Under Garden Protection

AZ Zero Studio
Chapter #20

Perjalanan Kecil Menuju Kegelapan

Aku berjalan pelan mendekati lubang besar itu, langkahku hati-hati di antara bebatuan yang basah dan licin. Rasa penasaran mendorongku maju—meski ada sesuatu di dada yang terasa aneh, seperti jantungku berdetak sedikit lebih cepat dari biasanya.

Aku berhenti di tepi lubang itu. Batu di sekelilingnya dingin dan lembap, permukaannya licin oleh percikan air laut. Aku menunduk sedikit, mencoba mengintip ke dalam.

Gelap... Gelap sekali.

Bahkan cahaya dari langit mendung pun tidak bisa menembusnya.

Dari lubang itu keluar hembusan udara dingin... dingin sekali. Berbeda dari angin laut di sekitarnya. Dingin itu terasa berat, menelusup masuk ke kulitku seperti kabut tipis yang tak terlihat.

Aku menatap lebih lama lagi, mencoba mencari tahu apakah ada dasar di bawah sana. Tapi yang kulihat hanyalah kegelapan, kegelapan yang seolah hidup.

Tiba-tiba, angin laut bertiup sangat kencang. Rambutku berantakan, mataku perih oleh butiran pasir. Aku refleks menutup wajah dengan tangan, dan pada saat yang sama…

(* * *)

“Jia! Jiaaa! Kamu di mana!?”

Suara Bibi May terdengar dari kejauhan.

Aku tersentak.

"Oh tidak—aku bahkan tidak sadar kalau aku menjauh sejauh ini!"

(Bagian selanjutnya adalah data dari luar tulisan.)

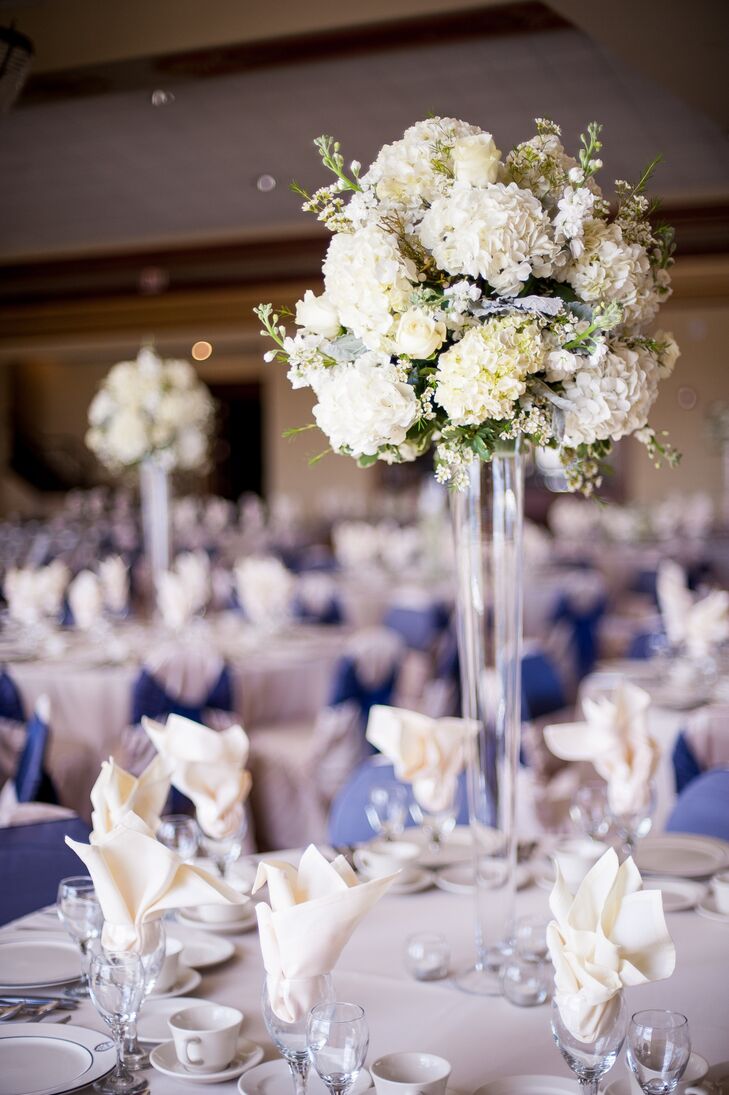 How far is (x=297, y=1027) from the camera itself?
132 centimetres

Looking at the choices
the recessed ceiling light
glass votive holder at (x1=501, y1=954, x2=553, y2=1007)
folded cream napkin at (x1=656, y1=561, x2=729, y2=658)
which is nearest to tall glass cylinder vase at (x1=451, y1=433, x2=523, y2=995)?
glass votive holder at (x1=501, y1=954, x2=553, y2=1007)

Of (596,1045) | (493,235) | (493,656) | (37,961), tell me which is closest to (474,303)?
(493,235)

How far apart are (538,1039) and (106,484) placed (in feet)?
71.5

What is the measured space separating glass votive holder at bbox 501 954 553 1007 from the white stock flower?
31.5 inches

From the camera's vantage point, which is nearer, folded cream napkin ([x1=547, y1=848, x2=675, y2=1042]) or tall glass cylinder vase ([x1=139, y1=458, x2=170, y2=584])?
folded cream napkin ([x1=547, y1=848, x2=675, y2=1042])

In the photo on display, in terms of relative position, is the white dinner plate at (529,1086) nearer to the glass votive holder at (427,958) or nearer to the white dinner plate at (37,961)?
the glass votive holder at (427,958)

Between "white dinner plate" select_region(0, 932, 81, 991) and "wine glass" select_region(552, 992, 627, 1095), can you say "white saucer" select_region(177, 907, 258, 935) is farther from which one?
"wine glass" select_region(552, 992, 627, 1095)

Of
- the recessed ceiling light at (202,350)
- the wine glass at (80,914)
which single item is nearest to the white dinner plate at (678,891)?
the wine glass at (80,914)

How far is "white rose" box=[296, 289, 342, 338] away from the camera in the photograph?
1.67 m

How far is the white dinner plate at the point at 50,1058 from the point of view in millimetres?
1394

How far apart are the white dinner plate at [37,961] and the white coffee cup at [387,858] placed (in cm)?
58

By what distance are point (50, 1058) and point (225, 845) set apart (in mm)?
673

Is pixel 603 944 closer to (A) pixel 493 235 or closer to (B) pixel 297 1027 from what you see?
(B) pixel 297 1027

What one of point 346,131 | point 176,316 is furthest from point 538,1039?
point 176,316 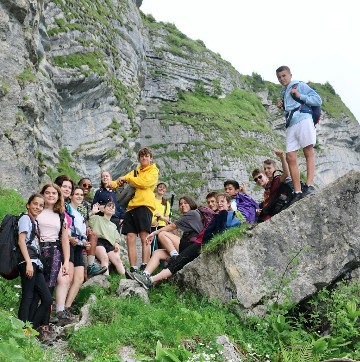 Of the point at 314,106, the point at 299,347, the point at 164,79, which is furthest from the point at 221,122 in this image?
the point at 299,347

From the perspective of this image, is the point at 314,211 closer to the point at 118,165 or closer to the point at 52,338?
the point at 52,338

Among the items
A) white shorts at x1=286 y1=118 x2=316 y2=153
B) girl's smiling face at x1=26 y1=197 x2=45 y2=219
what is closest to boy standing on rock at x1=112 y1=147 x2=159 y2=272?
girl's smiling face at x1=26 y1=197 x2=45 y2=219

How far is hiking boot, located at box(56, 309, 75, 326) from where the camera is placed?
6.05 meters

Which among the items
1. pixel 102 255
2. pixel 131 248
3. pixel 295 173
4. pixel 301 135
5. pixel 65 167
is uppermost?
pixel 301 135

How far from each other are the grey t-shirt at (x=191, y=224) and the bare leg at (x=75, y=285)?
2.01 metres

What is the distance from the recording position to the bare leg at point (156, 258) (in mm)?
7414

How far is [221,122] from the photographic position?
1753 inches

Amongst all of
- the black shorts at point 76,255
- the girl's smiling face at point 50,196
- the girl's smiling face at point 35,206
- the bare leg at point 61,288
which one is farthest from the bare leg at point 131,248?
the girl's smiling face at point 35,206

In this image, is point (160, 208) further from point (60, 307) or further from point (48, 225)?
point (60, 307)

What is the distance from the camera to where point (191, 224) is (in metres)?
7.60

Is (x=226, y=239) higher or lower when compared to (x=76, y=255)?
higher

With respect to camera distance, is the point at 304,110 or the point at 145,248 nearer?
the point at 304,110

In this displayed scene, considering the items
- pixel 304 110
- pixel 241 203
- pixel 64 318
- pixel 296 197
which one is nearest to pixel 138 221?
pixel 241 203

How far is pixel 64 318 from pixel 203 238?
2.75 meters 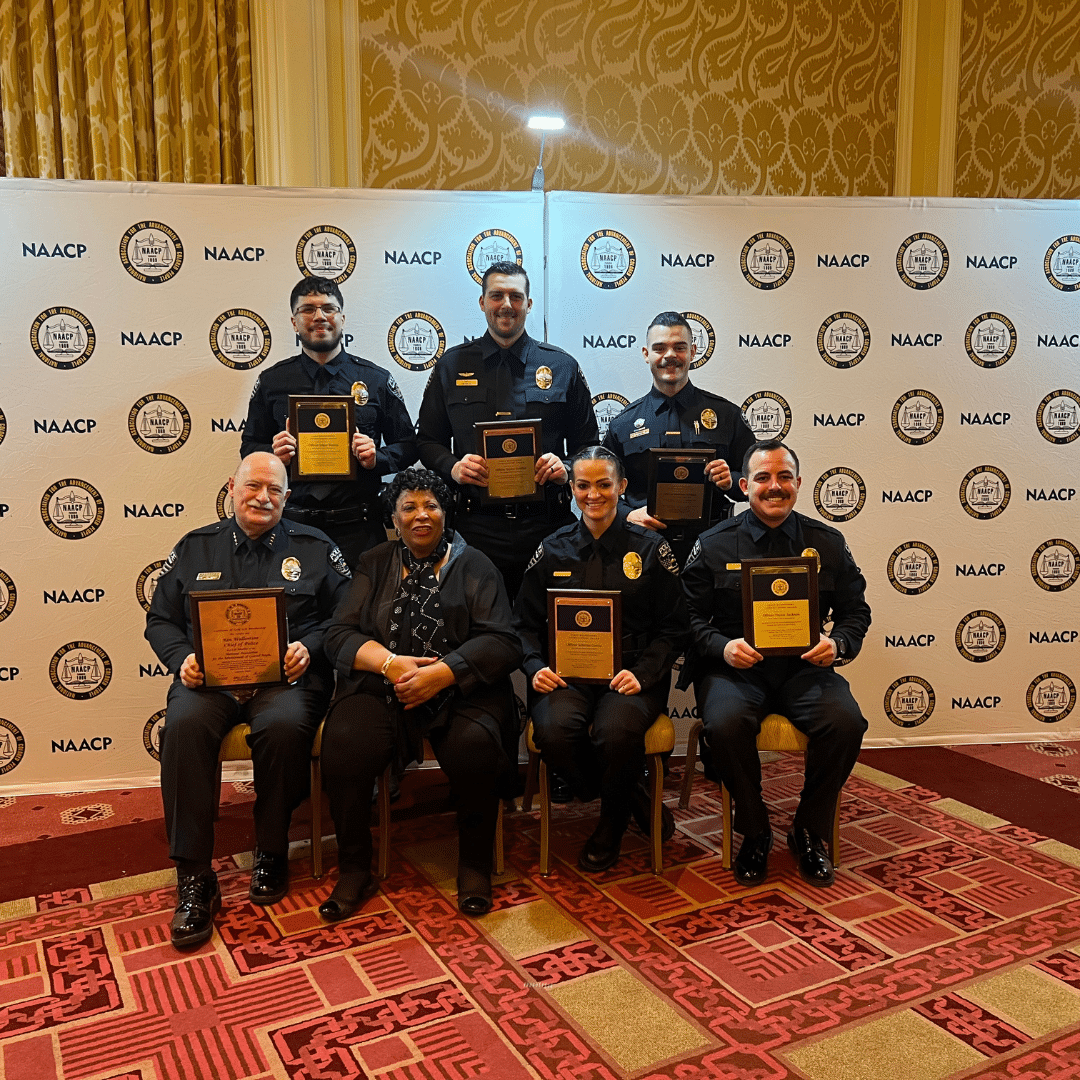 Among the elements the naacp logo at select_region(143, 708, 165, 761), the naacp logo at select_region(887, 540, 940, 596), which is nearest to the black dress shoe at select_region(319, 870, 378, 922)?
the naacp logo at select_region(143, 708, 165, 761)

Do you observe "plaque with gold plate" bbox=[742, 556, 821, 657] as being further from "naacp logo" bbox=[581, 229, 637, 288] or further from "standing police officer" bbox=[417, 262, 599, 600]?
"naacp logo" bbox=[581, 229, 637, 288]

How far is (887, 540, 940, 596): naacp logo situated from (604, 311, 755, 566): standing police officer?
0.93 m

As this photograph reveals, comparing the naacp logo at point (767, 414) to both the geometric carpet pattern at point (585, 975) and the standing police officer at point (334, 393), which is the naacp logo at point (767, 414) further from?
the geometric carpet pattern at point (585, 975)

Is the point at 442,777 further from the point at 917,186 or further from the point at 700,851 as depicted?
the point at 917,186

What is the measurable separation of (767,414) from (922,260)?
0.92 meters

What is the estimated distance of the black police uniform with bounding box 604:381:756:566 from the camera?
3.60 metres

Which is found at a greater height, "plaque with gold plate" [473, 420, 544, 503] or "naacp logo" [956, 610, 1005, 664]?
"plaque with gold plate" [473, 420, 544, 503]

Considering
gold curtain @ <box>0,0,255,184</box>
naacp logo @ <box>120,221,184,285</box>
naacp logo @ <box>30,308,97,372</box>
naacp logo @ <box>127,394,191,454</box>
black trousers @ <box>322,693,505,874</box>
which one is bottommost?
black trousers @ <box>322,693,505,874</box>

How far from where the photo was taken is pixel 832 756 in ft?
9.68

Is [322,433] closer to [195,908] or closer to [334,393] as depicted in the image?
[334,393]

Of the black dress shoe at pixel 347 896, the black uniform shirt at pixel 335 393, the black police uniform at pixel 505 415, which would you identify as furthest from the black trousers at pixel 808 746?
the black uniform shirt at pixel 335 393

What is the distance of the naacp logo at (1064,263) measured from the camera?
13.5 feet

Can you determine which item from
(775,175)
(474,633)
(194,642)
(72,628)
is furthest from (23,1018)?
(775,175)

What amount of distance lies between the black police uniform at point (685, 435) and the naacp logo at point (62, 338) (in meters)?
2.09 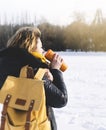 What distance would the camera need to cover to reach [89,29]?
139 ft

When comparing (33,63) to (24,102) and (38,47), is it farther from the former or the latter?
(24,102)

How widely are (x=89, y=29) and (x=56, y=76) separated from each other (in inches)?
1573

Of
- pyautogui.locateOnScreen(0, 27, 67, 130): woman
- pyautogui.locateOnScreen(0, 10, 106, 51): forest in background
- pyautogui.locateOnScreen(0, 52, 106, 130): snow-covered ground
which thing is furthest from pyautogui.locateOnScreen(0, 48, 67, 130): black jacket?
pyautogui.locateOnScreen(0, 10, 106, 51): forest in background

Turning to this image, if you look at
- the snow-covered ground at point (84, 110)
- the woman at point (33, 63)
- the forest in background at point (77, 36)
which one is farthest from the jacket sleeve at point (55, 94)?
the forest in background at point (77, 36)

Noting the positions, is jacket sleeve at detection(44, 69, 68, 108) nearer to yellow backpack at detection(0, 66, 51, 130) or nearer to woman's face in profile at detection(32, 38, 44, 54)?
yellow backpack at detection(0, 66, 51, 130)

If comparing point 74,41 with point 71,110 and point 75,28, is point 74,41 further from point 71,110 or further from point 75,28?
point 71,110

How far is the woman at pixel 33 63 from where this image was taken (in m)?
2.48

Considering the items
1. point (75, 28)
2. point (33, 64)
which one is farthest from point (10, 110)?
point (75, 28)

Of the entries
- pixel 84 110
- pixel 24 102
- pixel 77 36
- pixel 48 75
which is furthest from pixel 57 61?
pixel 77 36

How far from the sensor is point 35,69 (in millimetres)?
2477

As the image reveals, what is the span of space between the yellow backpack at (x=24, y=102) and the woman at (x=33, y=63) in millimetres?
63

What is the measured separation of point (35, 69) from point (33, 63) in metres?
0.04

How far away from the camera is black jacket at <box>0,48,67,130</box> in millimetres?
2469

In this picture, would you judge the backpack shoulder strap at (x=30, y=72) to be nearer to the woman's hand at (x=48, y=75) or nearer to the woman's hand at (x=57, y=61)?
the woman's hand at (x=48, y=75) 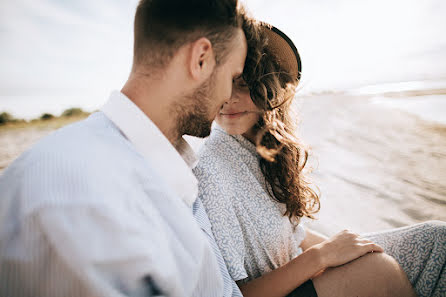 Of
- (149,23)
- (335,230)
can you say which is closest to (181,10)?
(149,23)

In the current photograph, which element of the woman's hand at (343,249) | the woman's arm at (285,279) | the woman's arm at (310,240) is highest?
the woman's hand at (343,249)

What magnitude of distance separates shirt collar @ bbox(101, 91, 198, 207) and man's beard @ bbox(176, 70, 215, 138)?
211 millimetres

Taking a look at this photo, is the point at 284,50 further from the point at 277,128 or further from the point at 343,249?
the point at 343,249

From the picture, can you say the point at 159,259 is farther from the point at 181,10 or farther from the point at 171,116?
the point at 181,10

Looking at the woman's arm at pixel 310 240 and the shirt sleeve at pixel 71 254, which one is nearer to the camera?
the shirt sleeve at pixel 71 254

Aku berbalik cepat, berlari kecil di antara batu-batu besar itu. Nafasku memburu, langkahku tergesa menembus hembusan angin yang makin dingin. Dari celah-celah batu, aku akhirnya melihat sosok Bibi May berdiri, memanggilku dengan wajah cemas.

“Bibi! Jia di sini!”

Jawab diriku kepada Bibi May sambil melambaikan tangan berdiri di antara bebatuan.

Bibi menghela napas panjang lega saat aku kembali ke sisinya.

Aku tersenyum kikuk, memainkan jariku dan takut bila Bibi memarahiku lagi karena terlalu khawatir dan overprotektif padaku. 

Bukannya aku merasa kayak anaknya, tapi aku diperlakukan seperti anaknya. Tapi aku masih ingat bila bibi menganggapku anaknya walau bibi membantah karena faktanya aku bukan anak kandungnya.

“Jia…”

Suara bibi terdengar pelan tapi berat—antara lega, marah, dan takut bercampur jadi satu.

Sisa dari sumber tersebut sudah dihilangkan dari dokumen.